Source records:
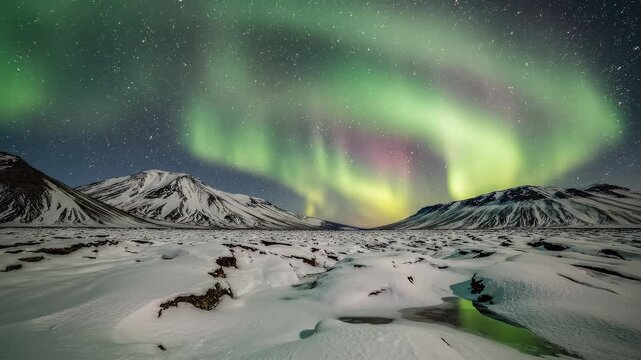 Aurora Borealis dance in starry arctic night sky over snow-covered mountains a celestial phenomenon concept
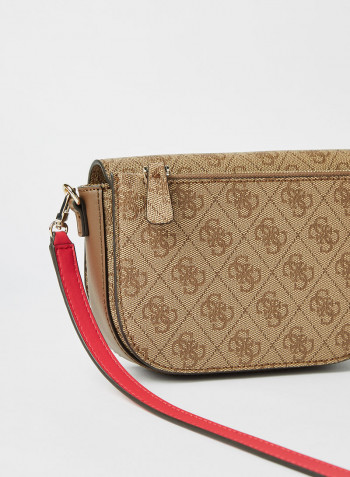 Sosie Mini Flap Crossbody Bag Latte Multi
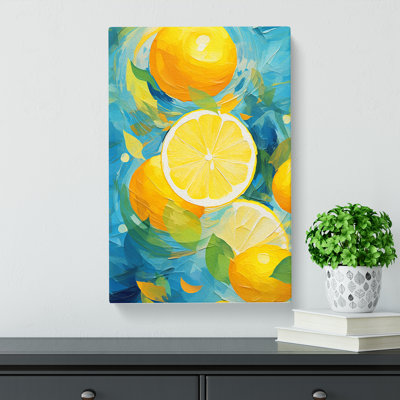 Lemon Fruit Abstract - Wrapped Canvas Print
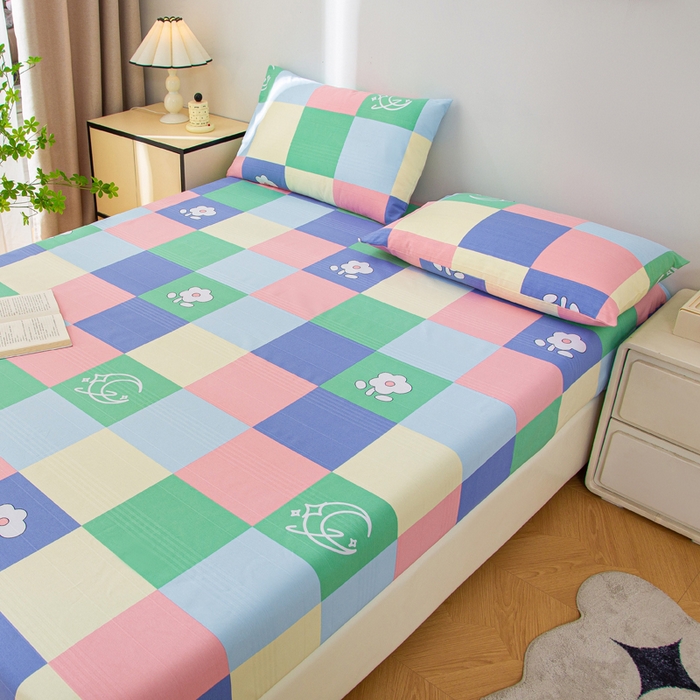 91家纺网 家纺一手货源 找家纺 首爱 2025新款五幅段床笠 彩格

* * *

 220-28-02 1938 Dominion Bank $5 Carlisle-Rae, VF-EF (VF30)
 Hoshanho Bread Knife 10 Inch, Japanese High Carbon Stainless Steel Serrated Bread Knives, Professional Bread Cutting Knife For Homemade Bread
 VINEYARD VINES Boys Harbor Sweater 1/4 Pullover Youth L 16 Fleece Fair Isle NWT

Problem: In the entries above, find the line with "Lemon Fruit Abstract - Wrapped Canvas Print" and the line with "91家纺网 家纺一手货源 找家纺 首爱 2025新款五幅段床笠 彩格". Write out exactly those two lines and every line between them, pictures excluded.

Written reply:
 Lemon Fruit Abstract - Wrapped Canvas Print
 91家纺网 家纺一手货源 找家纺 首爱 2025新款五幅段床笠 彩格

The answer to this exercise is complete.